Irene Rios
[...] na rua não vemos sentimentos ou nos sensibilizamos com rostos e
atitudes, mas enxergamos simplesmente posições sociais: formas corporais,
feiuras ou belezas, roupas e signos profissionais ou de posicionamento social.
Roberto da Matta
Matta (2010) provoca-nos a
pensar e a indagar sobre o que vemos no trânsito, sobre o quanto as pessoas
preocupam-se apenas com aparências e status,
sem prestar atenção no outro, tratando-os com indiferença.

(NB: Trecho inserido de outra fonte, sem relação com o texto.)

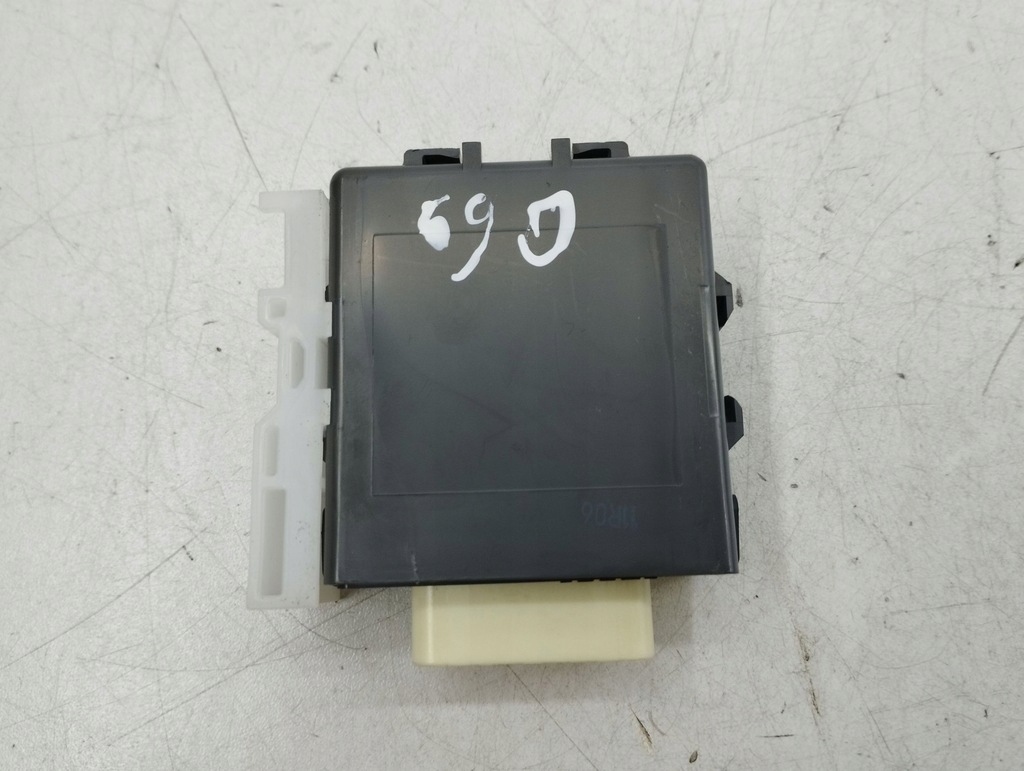 фото №9, Toyota rav 4 xa40 2015 блок управления / модуль центрального замка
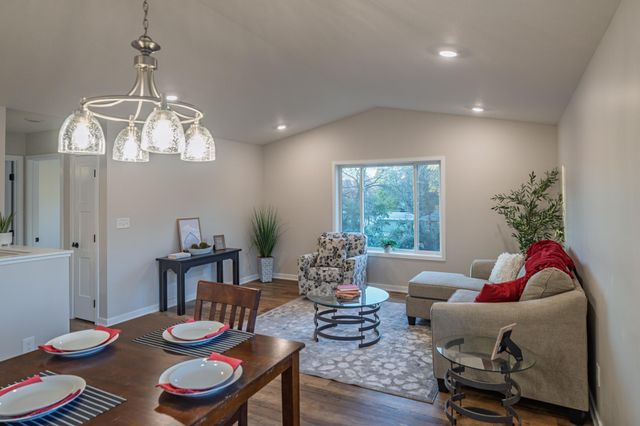 2414 15 Street SE, Rochester, MN 55904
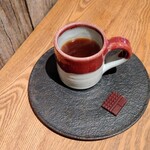 sio - オニバスコーヒーのルワンダコーヒーとミニマルショコラ。ミニマルのフルーティーなチョコレートが爽やかだし、コーヒーも浅煎りすっきりな味わいのもので。いいものが選ばれているのがよく分かるわ(*^^*)♡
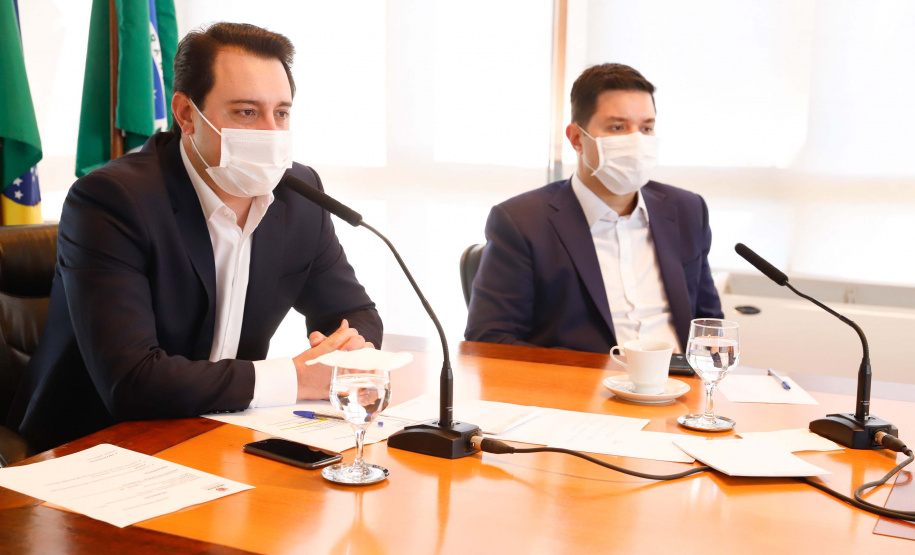 O governador Carlos Massa Ratinho Junior autorizou nesta quinta-feira (09) a liberação de R$ 17 milhões para implementação de sinalização viária em 124 municípios de todas as regiões do Estado. Os recursos foram disponibilizados pelo Departamento de Trânsito do Paraná (Detran-PR) dentro do programa Paraná Mais Cidades, com indicação orçamentária dos deputados estaduais.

Essas atitudes
demonstram a falta de sensibilidade dos cidadãos quando estão transitando.
Vanderbilt (2009) reforça a
afirmação de Matta ao enfatizar que a simples ação da troca de olhares entre os
usuários das vias é considerada uma dificuldade para muitos.
Pelo fato de o
contato visual ser tão raro no trânsito, quando ele acontece a sensação pode
ser de desconforto. Você já parou em um sinal e “sentiu” que alguém em um dos
carros ao lado estava olhando para você? Provavelmente ficou incomodado. A
primeira razão é que isso pode violar o senso de privacidade que sentimos no
trânsito. A segunda é que não há propósito algum para isso, tampouco uma reação
neutra apropriada, uma condição que pode provocar uma reação de lutar ou fugir.

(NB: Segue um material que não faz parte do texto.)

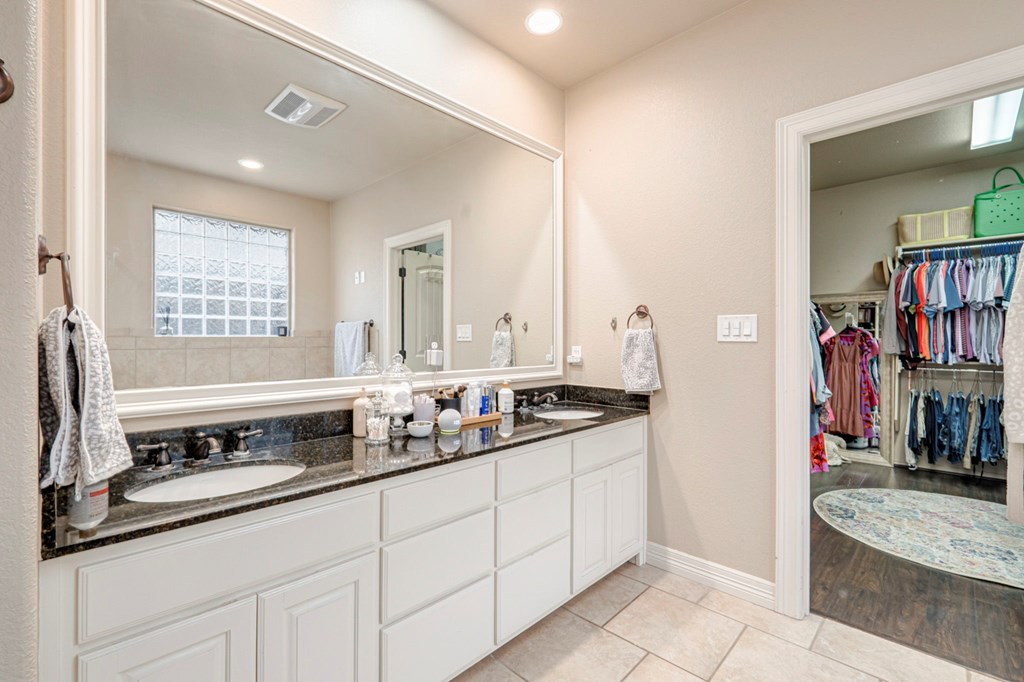 5710 Carmel Court, Midland, Texas image 38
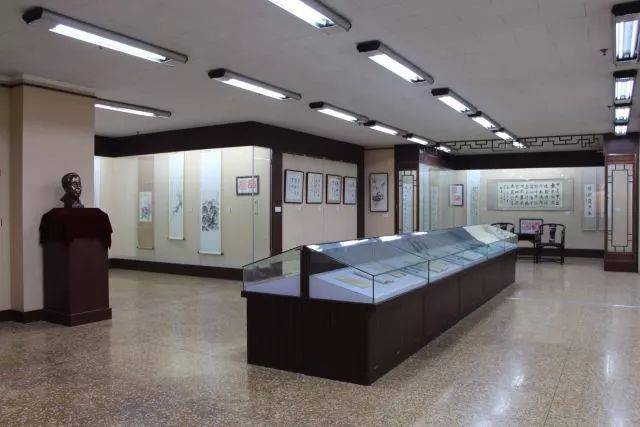 姚奠中艺术馆举办姚先生追思会暨全体解说员年度总结大会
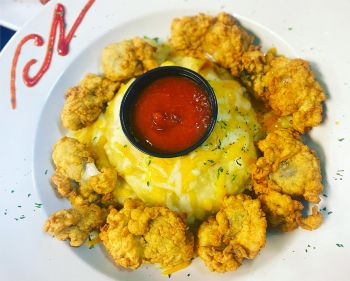 Stripers Bar & Grille Manteo, Oysters & Mashers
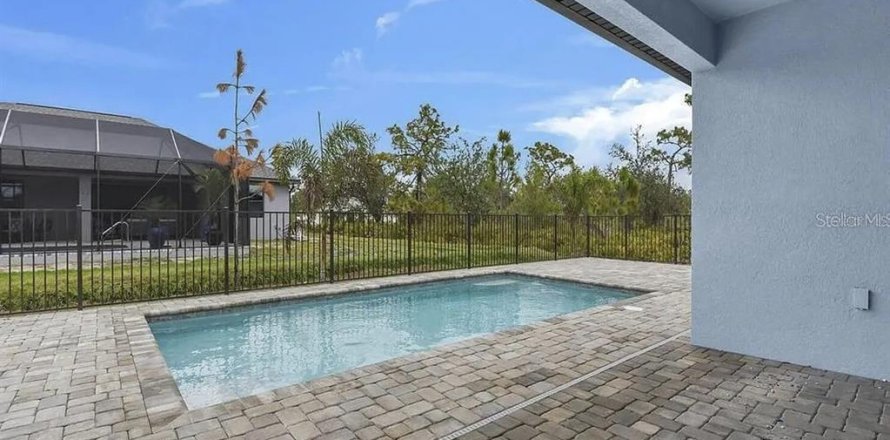 House in Port Charlotte, Florida 4 bedrooms, 187.57 sq.m. № 2285547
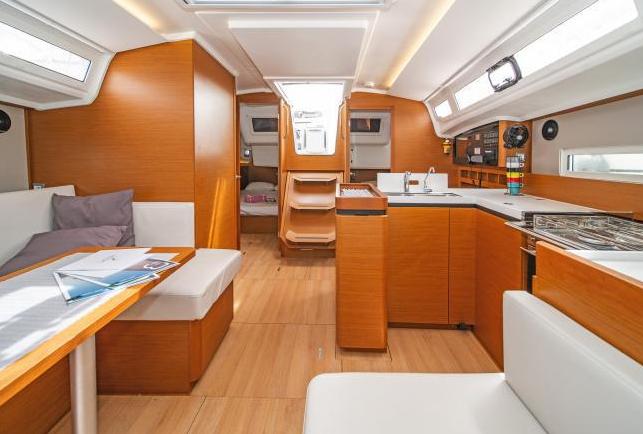 Chimera | Sun Odyssey 410 photo 3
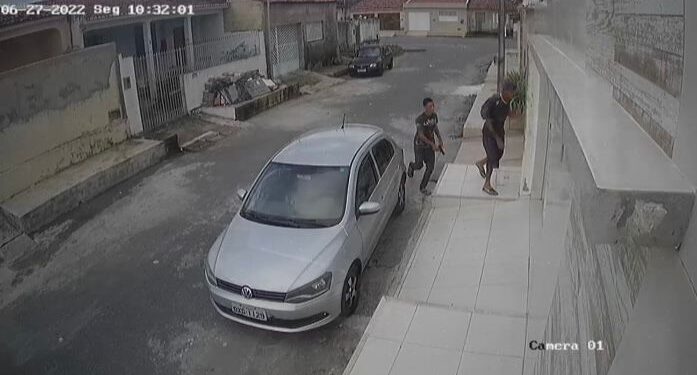 Polícia Civil prende investigado por roubo de veículo praticado em Socorro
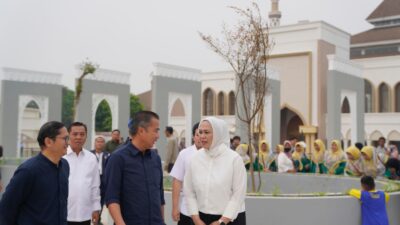 Bey Machmudin Tinjau Alun-alun Karawang Hasil Revitalisasi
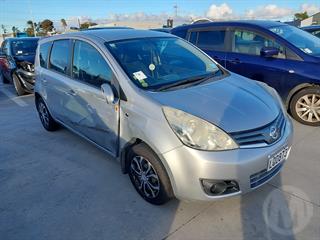 2011 Nissan Note Station Wagon Photo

Então, o que você fez no cruzamento quando viu alguém olhando para você? Se
acelerou, você não foi o único. (VANDERBILT,
2009, p. 28).
As situações citadas por
Vanderbilt (2009) fazem parte de uma cultura em que prevalece o individualismo,
o hábito de nos ocuparmos apenas conosco, com o que nos convém - situações cada
vez mais presentes na vida contemporânea. Estamos tão acostumados à
insensibilidade no trânsito que, quando percebemos que alguém está nos olhando,
nesse ambiente, ficamos incomodados e procuramos afastar-nos dessa situação.
Contudo, o que nos faz agir dessa maneira, sem olhar, sem sentir, sem perceber
e sem refletir sobre o que está em nossa volta? Talvez a pressa do dia a dia
causada, geralmente, pelo excesso de tarefas, faze-nos correr contra o tempo.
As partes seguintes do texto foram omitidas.